- DEFENSE & SECURITY
US Marine Littoral Regiment Formed in Okinawa to Work Alongside Japan SDF with China in Mind
7:00 JST, November 17, 2023
NAHA — The U.S. Marine Corps redesignated its 12th Marine Regiment stationed in Okinawa Prefecture as the 12th Marine Littoral Regiment on Wednesday.
The MLR is equipped to deal swiftly with contingencies around Japan’s remote islands.
The reorganization aims to usher in a shift from a strategy focusing on large-scale ground battles to one dealing with island warfare.
Japan’s Self-Defense Forces plan to strengthen its defense capabilities around the Nansei Islands that span southern Kagoshima and Okinawa Prefecture by working closely with the new U.S. regiment.
These moves are being made with China in mind as Beijing continues to engage in hegemonic activities in the region.
The MLR is the second such unit established by the U.S. military. The first has been in Hawaii since March 2022.
This second MLR unit was officially designated at Camp Hansen on Wednesday with the attendance of about 200 people, including senior SDF officials. The U.S. Marine Corps camp straddles several municipalities in Okinawa Prefecture, including the town of Kin.
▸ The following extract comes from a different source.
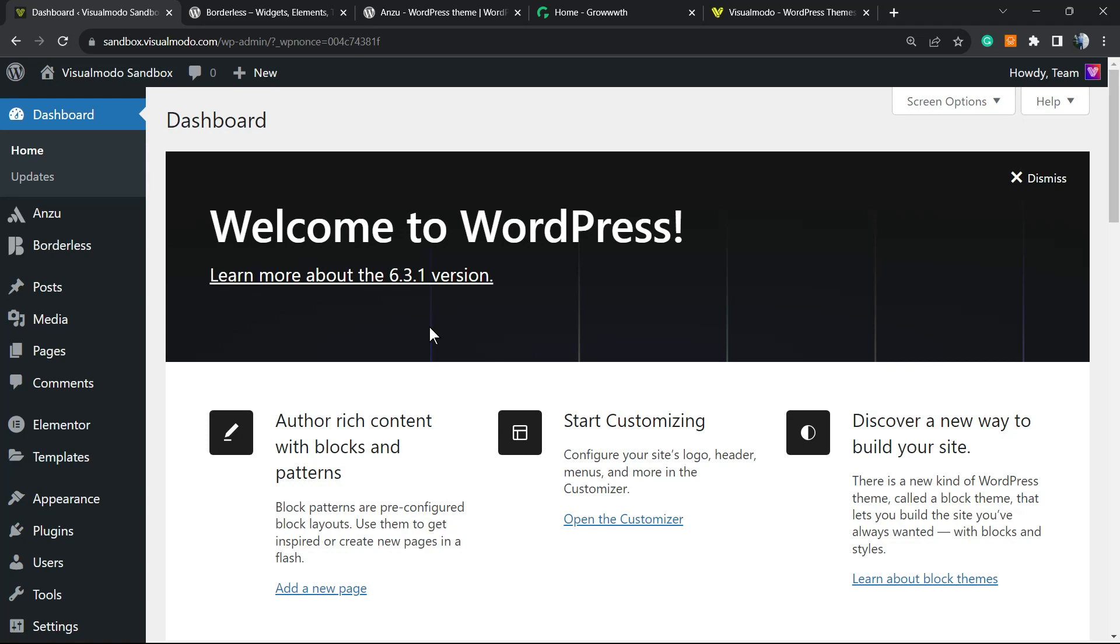What's up guys, here's Claudio from Visual Modo WordPress Teams and in today's video you're gonna learn how to backup your WordPress website into Google Drive, easy and for free.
Speaking to reporters after the ceremony, Col. Peter Eltringham, commanding officer of the 12th MLR, said the newly established unit would cooperate with the SDF and conduct various missions.
The MLR has about 2,000 personnel, the same as the original regiment. The new unit will have fewer conventional heavy armaments such as surface-to-surface missiles and Howitzers. Instead, it will be equipped with the Navy/Marine Corps Expeditionary Ship Interdiction System (NMESIS), which is a new teleoperated surface-to-ship missile system, and an air defense system will be stationed in Okinawa. The unit is scheduled to have the mobile deployment capability necessary to fully operate as an MLR by 2025.
The entire area surrounding Taiwan and the Nansei Islands are within range of the Chinese military’s missiles. In the event of a contingency, deploying additional U.S. military units near the region could be difficult. Before such a situation occurs, the MLR can deploy teams to remote islands on the front line and establish bases from which to launch attacks on enemy aircraft and vessels. These personnel also would support U.S. Navy and Air Force operations.
Japan’s Ground Self-Defense Force will upgrade its 15th brigade stationed in Naha into a division and bolster its units. In addition, a surface-to-air missile unit is scheduled to be deployed at Camp Yonaguni in the town of the same name in the prefecture. These forces will cooperate with the MLR and conduct joint combat training exercises to prepare for contingencies on remote islands.
“This will lead to a significant enhancement of the Japan-U.S. alliance’s deterrent and capability to respond,” a senior Japanese Defense Ministry official said.